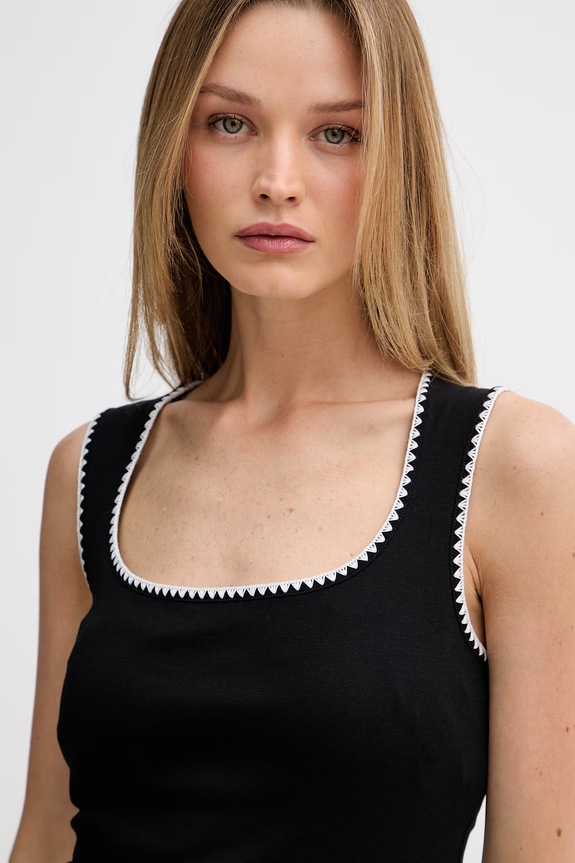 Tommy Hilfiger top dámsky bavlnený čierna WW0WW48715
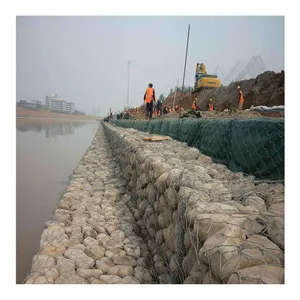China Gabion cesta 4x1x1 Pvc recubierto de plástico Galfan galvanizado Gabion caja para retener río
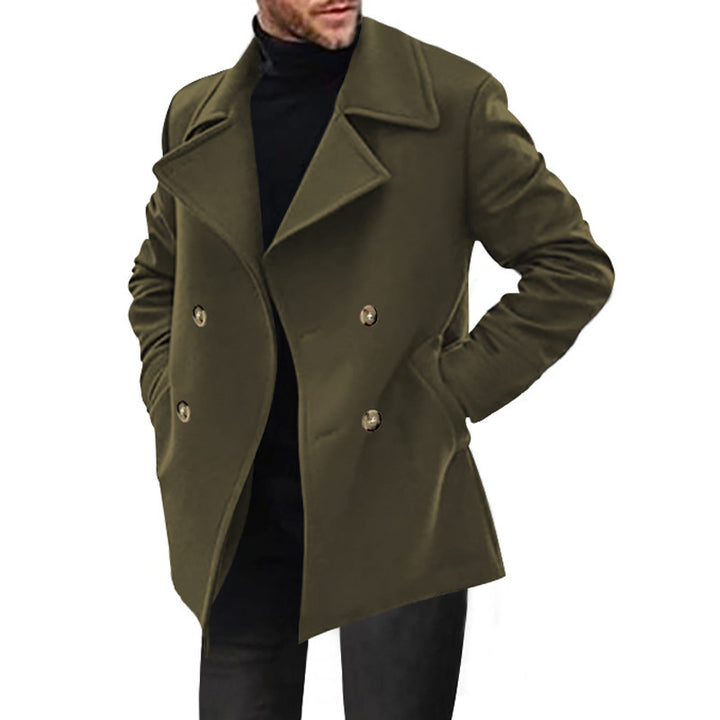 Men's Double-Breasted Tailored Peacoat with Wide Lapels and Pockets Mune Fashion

==

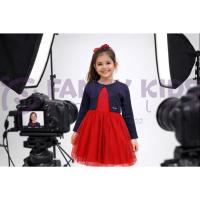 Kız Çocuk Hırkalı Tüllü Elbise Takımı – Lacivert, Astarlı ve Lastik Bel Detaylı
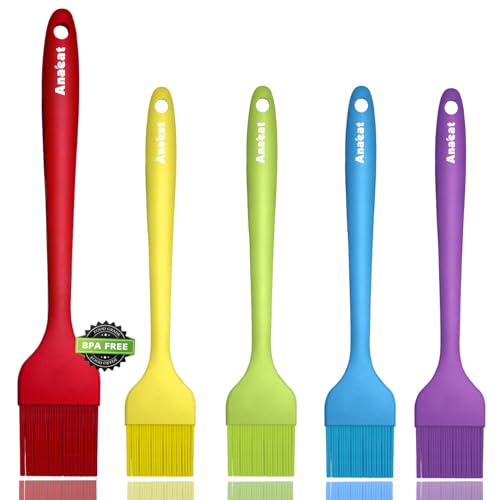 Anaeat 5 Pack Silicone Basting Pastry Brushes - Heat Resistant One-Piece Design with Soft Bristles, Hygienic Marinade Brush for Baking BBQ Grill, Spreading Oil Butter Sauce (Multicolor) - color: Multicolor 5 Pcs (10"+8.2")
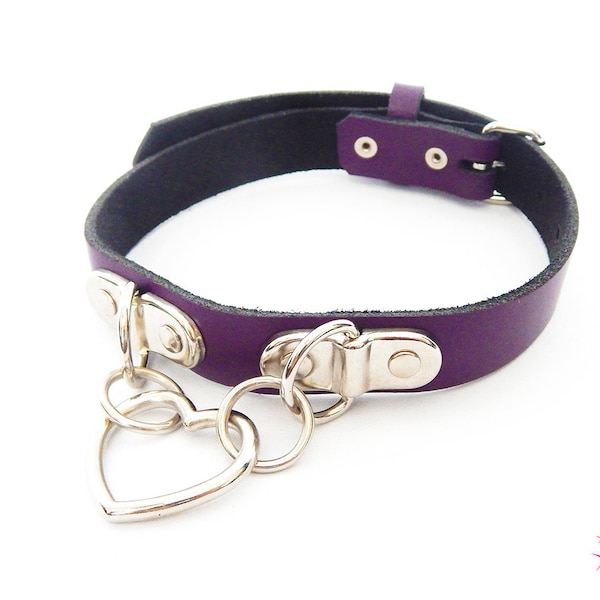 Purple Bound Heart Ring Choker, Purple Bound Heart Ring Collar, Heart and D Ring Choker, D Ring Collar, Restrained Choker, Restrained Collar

--

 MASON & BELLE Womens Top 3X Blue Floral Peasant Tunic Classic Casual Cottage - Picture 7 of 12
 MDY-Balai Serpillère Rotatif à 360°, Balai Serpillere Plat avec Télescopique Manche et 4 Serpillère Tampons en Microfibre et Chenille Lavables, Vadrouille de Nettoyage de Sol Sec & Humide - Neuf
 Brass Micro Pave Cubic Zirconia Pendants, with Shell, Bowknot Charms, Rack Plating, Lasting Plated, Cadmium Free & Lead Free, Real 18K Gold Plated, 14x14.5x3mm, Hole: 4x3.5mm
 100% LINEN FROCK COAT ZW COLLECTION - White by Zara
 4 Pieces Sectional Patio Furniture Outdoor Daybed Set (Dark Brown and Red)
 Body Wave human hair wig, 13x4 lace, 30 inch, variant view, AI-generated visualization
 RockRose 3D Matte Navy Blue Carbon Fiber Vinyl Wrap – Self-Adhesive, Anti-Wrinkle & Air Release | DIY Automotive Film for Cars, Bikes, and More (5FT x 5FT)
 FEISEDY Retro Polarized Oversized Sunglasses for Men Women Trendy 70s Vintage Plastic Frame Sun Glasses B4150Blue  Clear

*What to produce*
What are the lines in the records above, word for word, from the one containing "Tommy Hilfiger top" through the one containing "Men's Double-Breasted Tailored", both ends included and pictures left out?

*Solution for this problem*
 Tommy Hilfiger top dámsky bavlnený čierna WW0WW48715
China Gabion cesta 4x1x1 Pvc recubierto de plástico Galfan galvanizado Gabion caja para retener río
 Men's Double-Breasted Tailored Peacoat with Wide Lapels and Pockets Mune Fashion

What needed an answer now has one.